What’s new: advances in serodiagnostic testing, role of T cell activation in Lyme arthritis, and post-treatment Lyme disease syndrome.
References1. Branda JA, Body BA, Boyle J, et al. Advances in serodiagnostic testing for Lyme disease are at hand. Clin Infect Dis. 2018;66:1133-1139. doi: 10.1093/cid/cix943.2. Whiteside SK, Snook JP, Ma Y, et al. IL-10 deficiency reveals a role for TLR2-dependent bystander activation of T cells in Lyme arthritis. J Immunol. 2018;200:1457-1470. doi: 10.4049/jimmunol.1701248.3. Rebman AW, Bechtold KT, Yang T, et al. The clinical, symptom, and quality-of-life characterization of a well-defined group of patients with posttreatment Lyme disease syndrome. Front Med (Lausanne). 2017;4:224. doi: 10.3389/fmed.2017.00224.
Highlights of 3 studies in Lyme arthritis include: (1) advances in serodiagnostic testing for Lyme disease may identify the infection before chronic health problems, such as Lyme arthritis, appear; (2) cascading inflammation associated with Lyme arthritis has been linked to an overactive immune response; and (3) severe symptoms linger in some patients after antibiotic treatment.1-3 Scroll through the slides for the latest findings and their clinical implications.
The only FDA-approved Lyme disease tests are based on technology developed more than 2 decades ago. The current standard relies on detecting antibodies produced by the immune system in response to the disease.
However, many people produce similar, cross-reactive antibodies in response to other bacteria not associated with Lyme disease, which causes confusing results and makes test accuracy more difficult.1
Clinical Implications: Updated methods would help physicians decide when to prescribe antibiotics to clear the infection and help avoid severe long-term health problems.
“New tests are at hand that offer more accurate, less ambiguous test results that can yield actionable results in a timely fashion. Improved tests will allow for earlier diagnosis, which should improve patient outcomes,” said senior author Steven Schutzer, MD, of Rutgers New Jersey Medical School. “New tests are more exact and are not as susceptible to the same false-positive or false-negative results associated with current tests.”
A receptor on T cells interacts with molecules on the surface of the Borrelia burgdorferi, the bacterium transferred during a tick bite, which results in bystander activation. This activation mechanism triggers the T cell to produce inflammatory molecules that accumulate around the joints and contribute to inflammation and arthritis.
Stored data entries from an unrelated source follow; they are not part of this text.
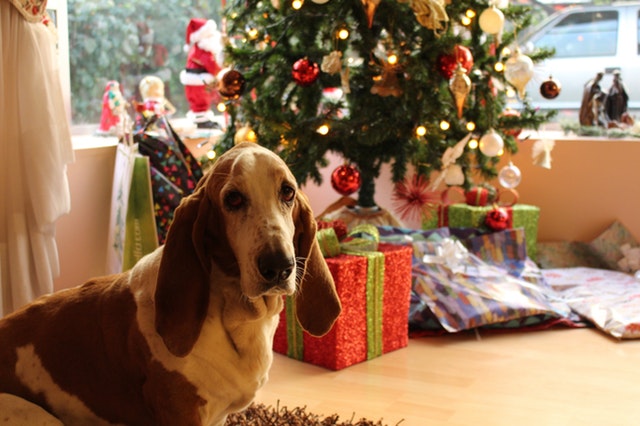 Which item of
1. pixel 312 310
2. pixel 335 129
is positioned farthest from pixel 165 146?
pixel 312 310

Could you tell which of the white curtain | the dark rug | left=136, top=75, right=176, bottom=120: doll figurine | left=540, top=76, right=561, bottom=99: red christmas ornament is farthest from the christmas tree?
the dark rug

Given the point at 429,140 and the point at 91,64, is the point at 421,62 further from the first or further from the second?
the point at 91,64

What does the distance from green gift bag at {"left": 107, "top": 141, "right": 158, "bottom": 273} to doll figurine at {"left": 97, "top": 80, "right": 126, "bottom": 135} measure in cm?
65

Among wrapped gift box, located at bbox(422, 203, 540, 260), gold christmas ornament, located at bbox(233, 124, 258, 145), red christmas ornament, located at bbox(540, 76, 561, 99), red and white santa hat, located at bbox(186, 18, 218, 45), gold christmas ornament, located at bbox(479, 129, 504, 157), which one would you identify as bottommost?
wrapped gift box, located at bbox(422, 203, 540, 260)

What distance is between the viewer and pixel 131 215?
10.5 ft

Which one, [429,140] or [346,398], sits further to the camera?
[429,140]

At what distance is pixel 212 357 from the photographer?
141 cm

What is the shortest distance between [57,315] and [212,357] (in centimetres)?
30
A mouse model of persistent Lyme arthritis showed some of the newly activated T cells can interact with residual bacteria that persist long after the initial tick bite, producing a cascading cycle of inflammation that could lead to infection-induced autoimmunity.2
Clinical Implications: The results suggest new therapeutic approaches, such as those that focus on anti-inflammatory mechanisms, might be more effective for patients with persistent Lyme arthritis.
“Through bystander activation, a whole repertoire of T cells may be activated, independent of their specificity for infecting pathogens. If you can suppress T cell activation for the short term, we might help re-establish the control mechanism for the immune response in the body,” said senior author Janis Weis, PhD, professor of pathology at the University of Utah Health.
A case series of 61 patients with well-documented post-treatment Lyme disease syndrome (PTLDS) was compared with 26 healthy controls who had neither a clinical history of Lyme disease nor current antibodies to Borrelia burgdorferi. All participants had a physical examination, clinical laboratory testing, standardized questionnaires, and a 36-item current symptom list.3
Those with PTLDS reported significantly greater fatigue, pain, sleep disturbance, and depression as compared with controls. The physical examination and clinical laboratory tests showed few objective abnormalities.
Clinical Implications: The standardized symptom questionnaires reveal that patients with PTLDS are highly, clinically significantly symptomatic, with poor health-related quality of life.
“Even though their exams and lab tests didn’t show much in the way of a common or clear biological marker or markers of PTLDS, it’s clear these patients don’t feel well. These symptoms are more severe than what the average non-PTLDS patient is experiencing even on a bad day,” said co-author Kathleen Bechtold, PhD, associate professor of physical medicine and rehabilitation at the Johns Hopkins University School of Medicine. A systematic approach to diagnosis and symptom measurement can successfully identify patients with PTLDS, she said.